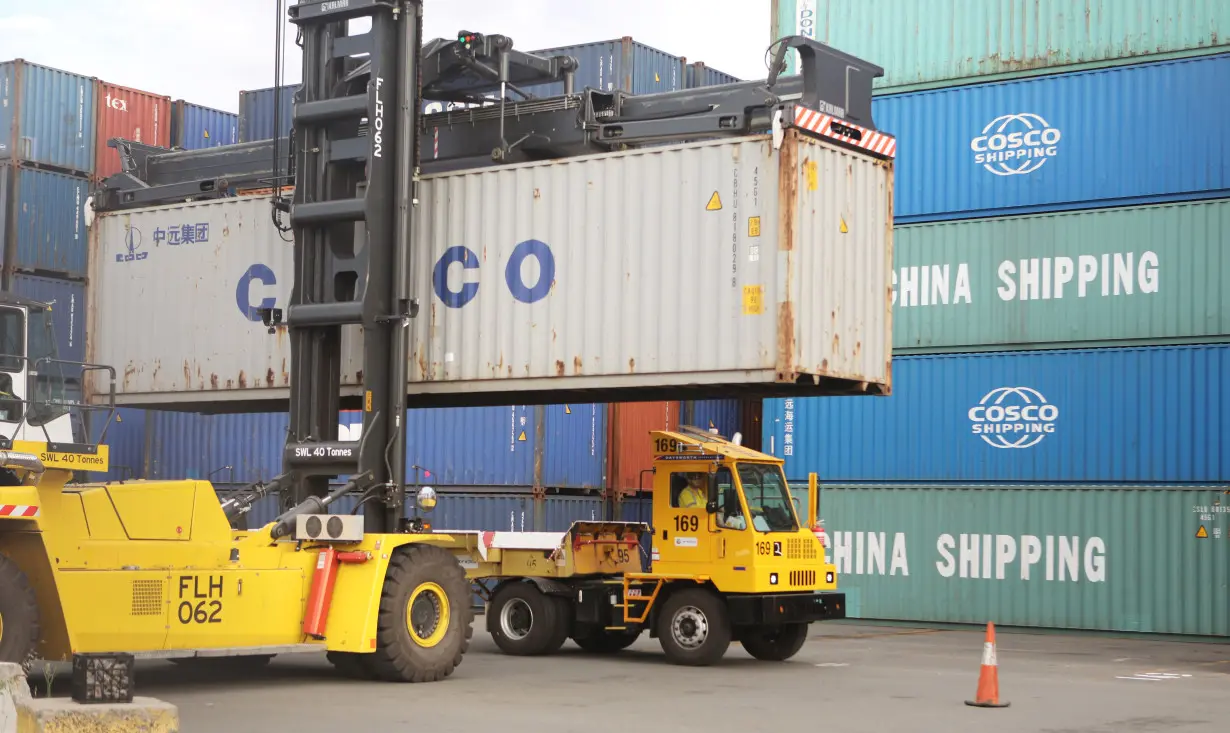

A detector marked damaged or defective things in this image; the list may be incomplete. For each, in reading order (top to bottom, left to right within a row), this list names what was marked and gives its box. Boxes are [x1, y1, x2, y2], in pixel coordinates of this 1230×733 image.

rusty container panel [93, 81, 169, 180]
rusty container panel [89, 131, 895, 405]
rusty container panel [607, 400, 678, 491]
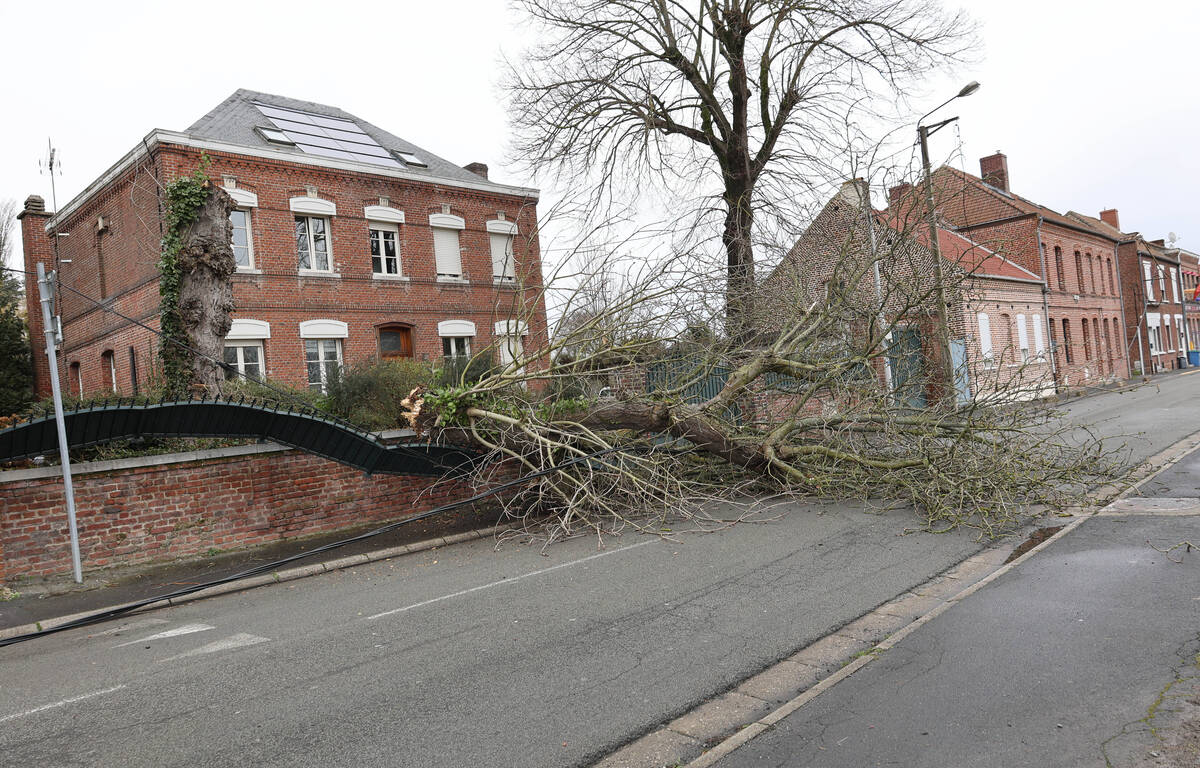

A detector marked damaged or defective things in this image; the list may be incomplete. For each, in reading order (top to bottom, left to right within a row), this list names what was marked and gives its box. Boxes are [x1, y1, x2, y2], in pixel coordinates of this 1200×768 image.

bent fence railing [0, 398, 477, 477]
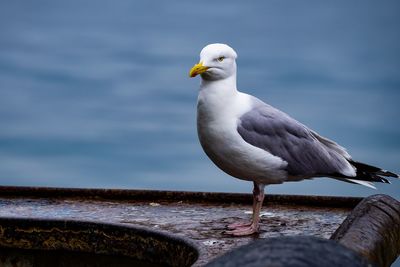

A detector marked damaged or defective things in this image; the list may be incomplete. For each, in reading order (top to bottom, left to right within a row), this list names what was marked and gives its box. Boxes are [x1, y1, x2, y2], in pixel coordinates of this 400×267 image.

rusty metal edge [0, 218, 199, 267]
rusty metal surface [0, 187, 356, 266]
rusty metal edge [0, 186, 362, 209]
corroded metal trough [0, 187, 396, 266]
rusty metal surface [332, 195, 400, 267]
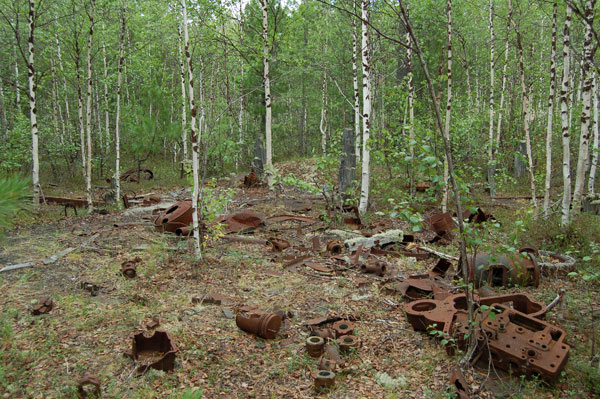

▸ Your goal:
An exact copy of the whole listing is required, minus the pictures.

▸ Output below:
A detector marked damaged or defective things in this image; the list may be incomplete. For each, in reading order (top to bottom, left to right within a row), this list names what was marked and gives its box. Boxes are [x1, y1, x2, y2], in pixel coordinates of this 1230×733 image.

rusty container panel [93, 81, 169, 180]
rusty container panel [89, 131, 895, 405]
rusty container panel [607, 400, 678, 491]

A detector marked damaged or defective things in this image; the list may be incomplete. For each, in reading order (top to bottom, left to right within a row), this list names what was marked and gives its box. Boxes are [x1, y1, x2, y2], in pixel coordinates of this 1200×768 image.

bent fence railing [0, 398, 477, 477]

A detector marked damaged or defective things in this image; the list may be incomplete. For each, in reading order (top to bottom, left to right within a row), this list names what was marked and gives its box. Boxes are [x1, y1, x2, y2], in pixel coordinates of this 400×267 image.

rusty metal edge [0, 218, 199, 267]
rusty metal surface [0, 187, 356, 266]
rusty metal edge [0, 186, 362, 209]
corroded metal trough [0, 187, 396, 266]
rusty metal surface [332, 195, 400, 267]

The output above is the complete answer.